• _Problem details_: Exclude images; transcribe the rest of the data exactly.

• _Dataset extract_:
◆ ◆ ◆

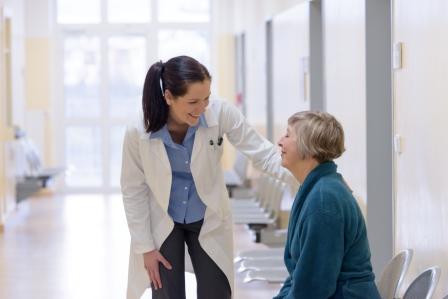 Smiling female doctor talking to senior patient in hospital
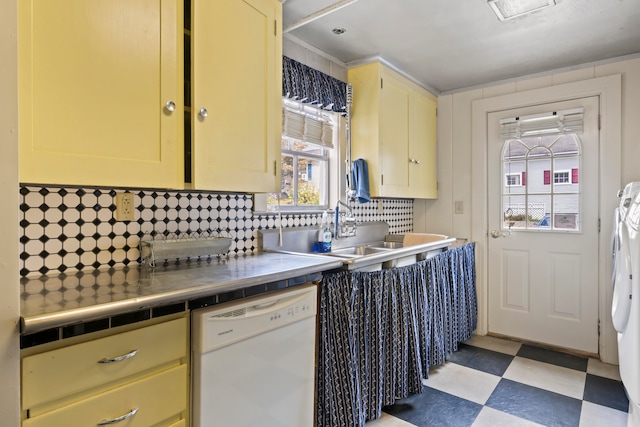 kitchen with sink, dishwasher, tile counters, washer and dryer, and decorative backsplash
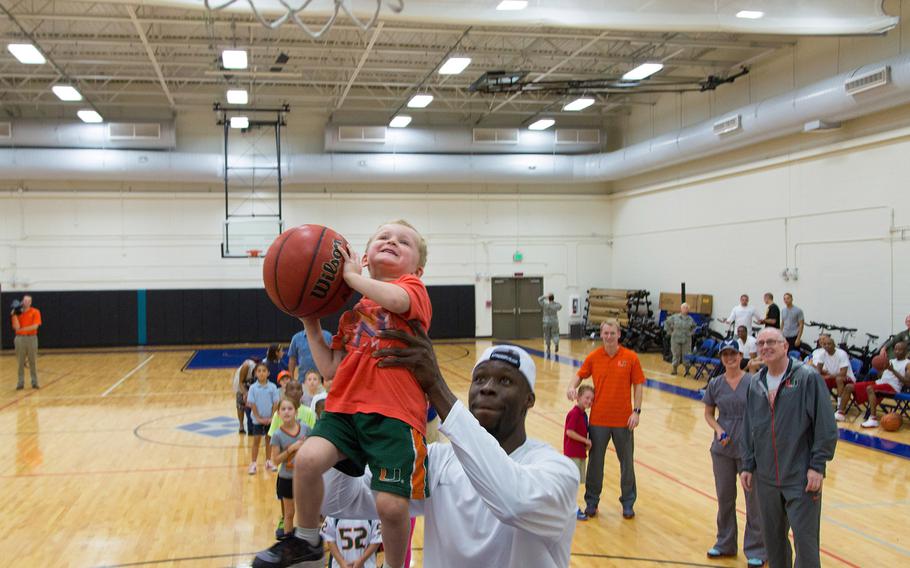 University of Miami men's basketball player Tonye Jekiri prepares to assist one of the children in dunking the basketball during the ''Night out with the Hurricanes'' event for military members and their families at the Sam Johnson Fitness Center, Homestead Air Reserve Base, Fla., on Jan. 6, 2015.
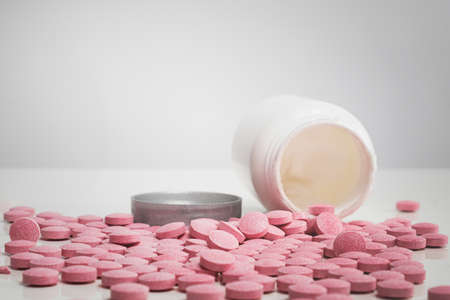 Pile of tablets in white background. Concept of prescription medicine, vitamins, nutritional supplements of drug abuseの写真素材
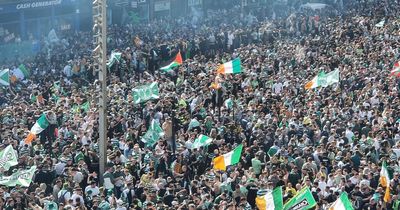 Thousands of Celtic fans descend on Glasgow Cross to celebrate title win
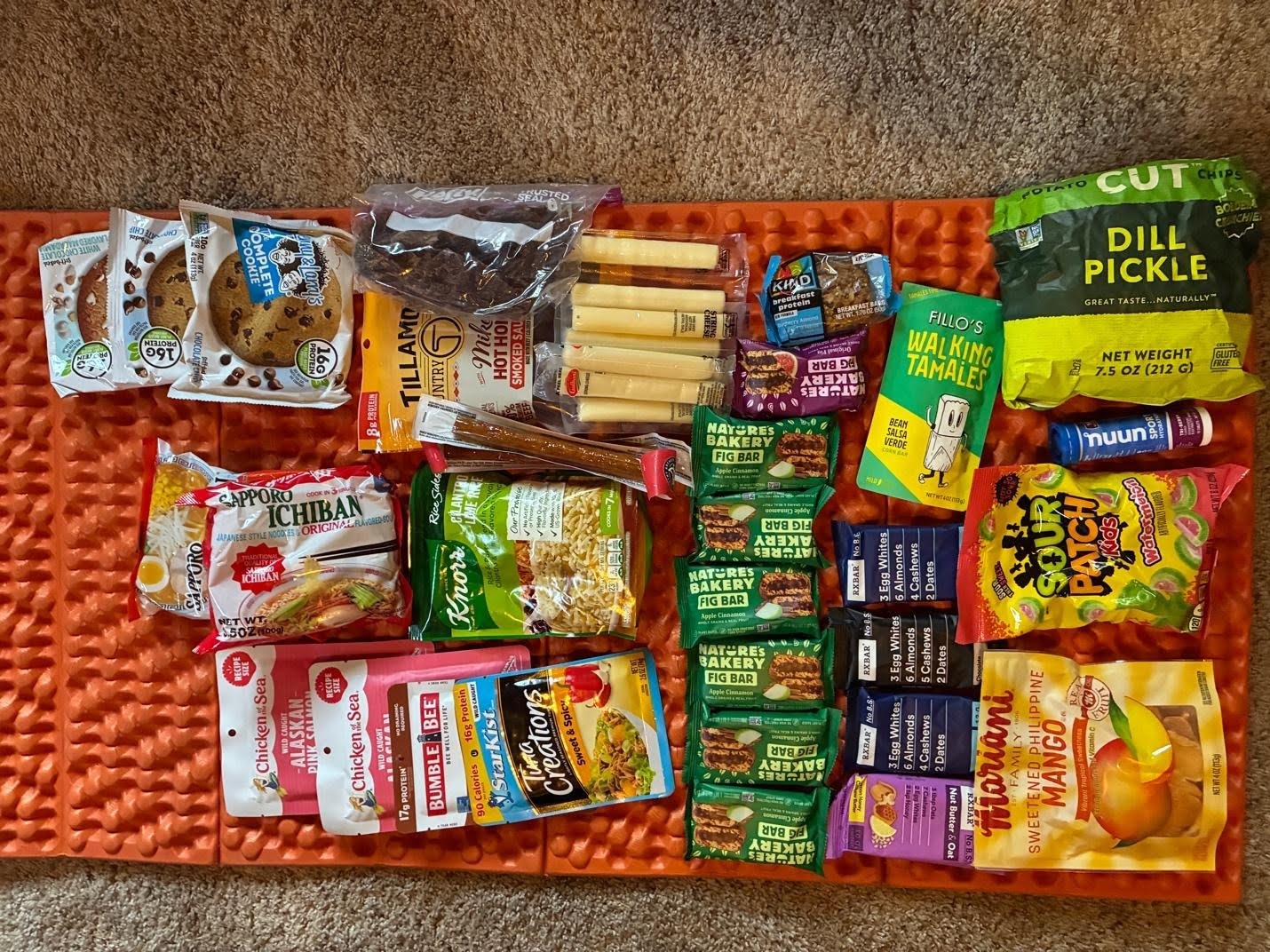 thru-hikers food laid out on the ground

◆ ◆ ◆

• _Response_:
 Smiling female doctor talking to senior patient in hospital
 kitchen with sink, dishwasher, tile counters, washer and dryer, and decorative backsplash
 University of Miami men's basketball player Tonye Jekiri prepares to assist one of the children in dunking the basketball during the ''Night out with the Hurricanes'' event for military members and their families at the Sam Johnson Fitness Center, Homestead Air Reserve Base, Fla., on Jan. 6, 2015.
 Pile of tablets in white background. Concept of prescription medicine, vitamins, nutritional supplements of drug abuseの写真素材
 Thousands of Celtic fans descend on Glasgow Cross to celebrate title win
 thru-hikers food laid out on the ground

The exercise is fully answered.